Explanation: Currently, wages over a certain yearly total ($106,800 this year) are exempted from Social Security payroll taxes. Medicare’s payroll tax has no such cap. This has raised the question of how raising the cap could extend Social Security’s solvency. [T]he Congressional Research Service looked at this question in 2008 by evaluating three different proposals. The first would raise the cap so that 90 percent of wages are taxed and pay higher benefits to those affected; the second would eliminate the cap and pay higher benefits; and the third would eliminate the cap for taxes but would not increase benefits. [This is] how much of the Social Security shortfall is eliminated by each proposal. Completely eliminating the cap without increasing benefits actually creates a long-term surplus, and eliminating the cap while increasing benefits comes close.

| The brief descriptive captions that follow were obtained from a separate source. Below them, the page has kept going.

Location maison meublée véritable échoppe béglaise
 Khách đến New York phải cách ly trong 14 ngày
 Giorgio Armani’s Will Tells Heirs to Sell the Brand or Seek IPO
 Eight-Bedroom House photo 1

The benefits aren’t lavish. I calculated the benefit for an person of retirement age who earned the average income for an individual every year since age 18. Monthly benefit? A whopping $1519.00 monthly, which is $18,228 a year. Incidentally, that’s just a little less than the average individual income in 1987.

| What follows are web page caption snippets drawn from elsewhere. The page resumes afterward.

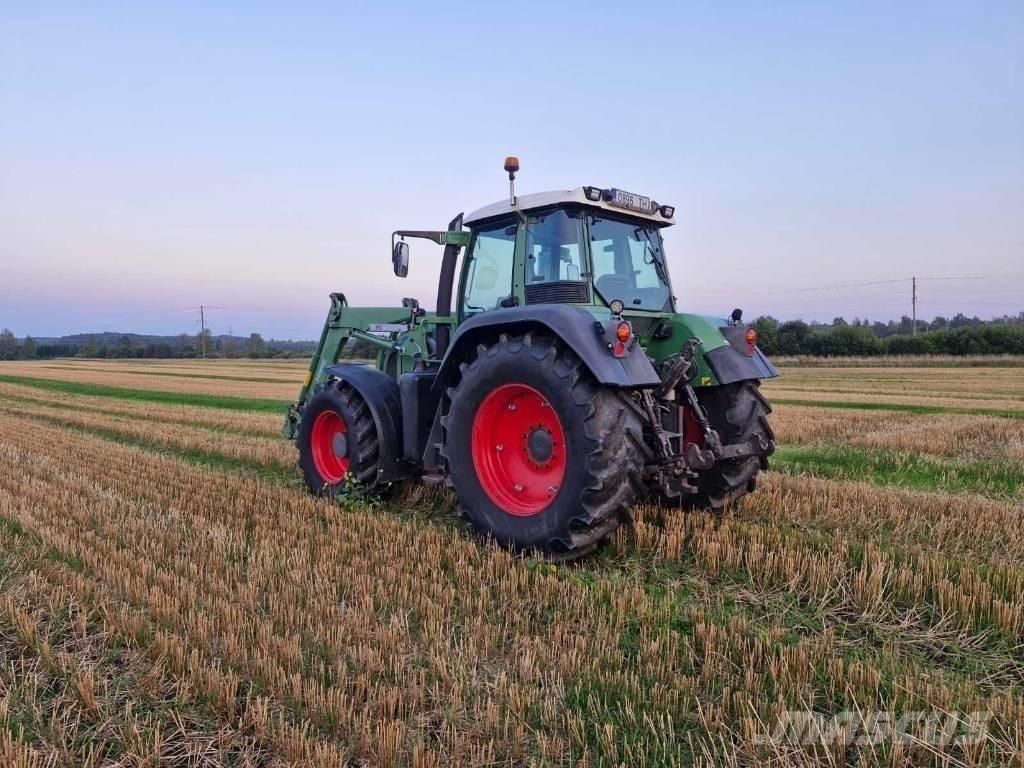 Fendt 820 Tractors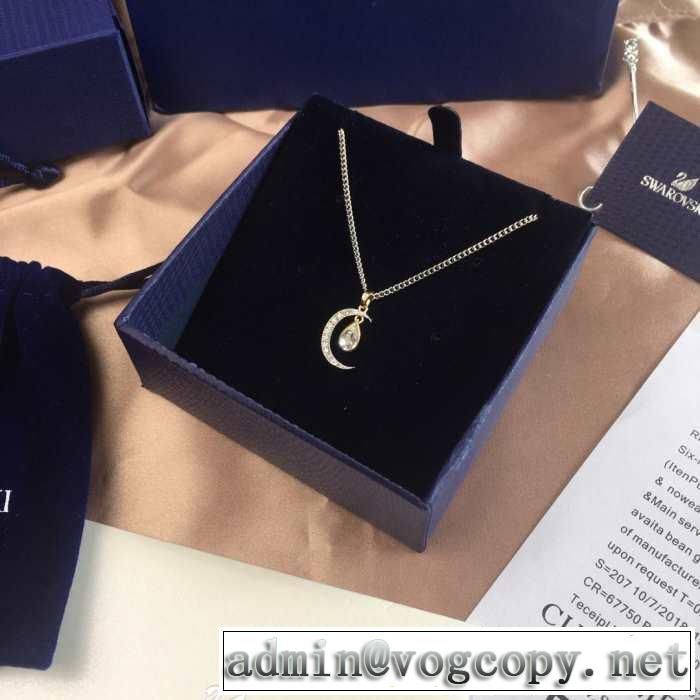 スワロフスキー SWAROVSKI ネックレス 大人カジュアル夏ファッション2019 主張性もカジュアルさ
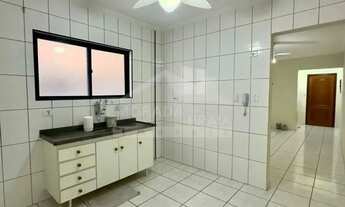 Imagem 4: Apartamento 2 dormitórios 1 suíte, 1 vaga na Guilhermina, confira na imobiliária em Praia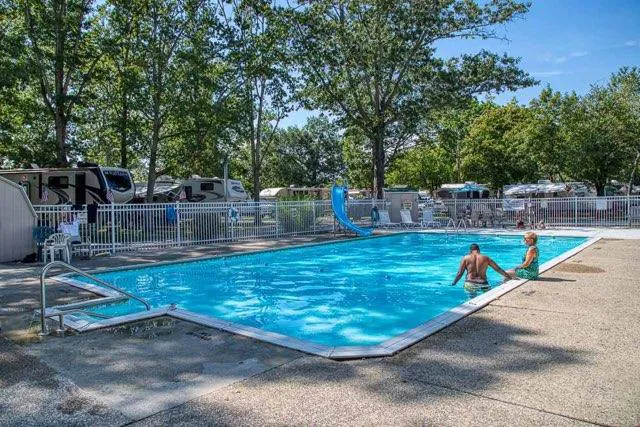Pomona RV Park & Campground Picture 6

As for a family of four receiving subsidies at $80,000 a year?
According to the Kaiser Family Foundation, the cost of coverage for a family of four has climbed 131 percent from 1999 to 2010. The average annual premiums for employer-sponsored health insurance in 2010 was $5,049 for single coverage and $13,770 for family coverage.
For a family of four making $80,000/year, that’s over 17% of their yearly income on insurance alone. Most families are carrying a deductible of $2,000, meaning they have to hit that before receiving full benefits. So we’ll assume that’s their only out-of-pocket health care expense. So yearly expenses are now $15,770 - nearly 20% of their yearly income.
That’s also assuming insurance pays everything. Average out of pocket spending for an individual is now almost $7,000/year. So we’ll assume little Billy broke his leg playing ball, coach freaked out, called an ambulance (was’t pre-approved), and that ambulance took Billy to an out of network provider where the doctor ordered x-rays and set his leg. So now we’ve added that $7,000 for a total of $22,770 - that’s now nearly 29% of their yearly income.
The median family income in the United States is $49,777. Once those health care expenses are lopped off, the $80K family is suddenly down to roughly $56,800, just $7,023 above the median. Keep in mind, the median family and below are dealing with these same numbers.
How about a CEO making the typical pay package ($9 million) for the head of a company in the S&P’s 500? How much of an impact would those health care costs be, just for funsies? $22,770/$9,000,000 = .253% of their yearly income. Sorry, but my pity well is dry.
Oh, and Hatch’s net worth was between $1,656,067 and $4,471,000, according to Hatch’s mandated financial disclosure statements. Whose interests do you think he’s protecting?
In summary, Orrin Hatch can suck it.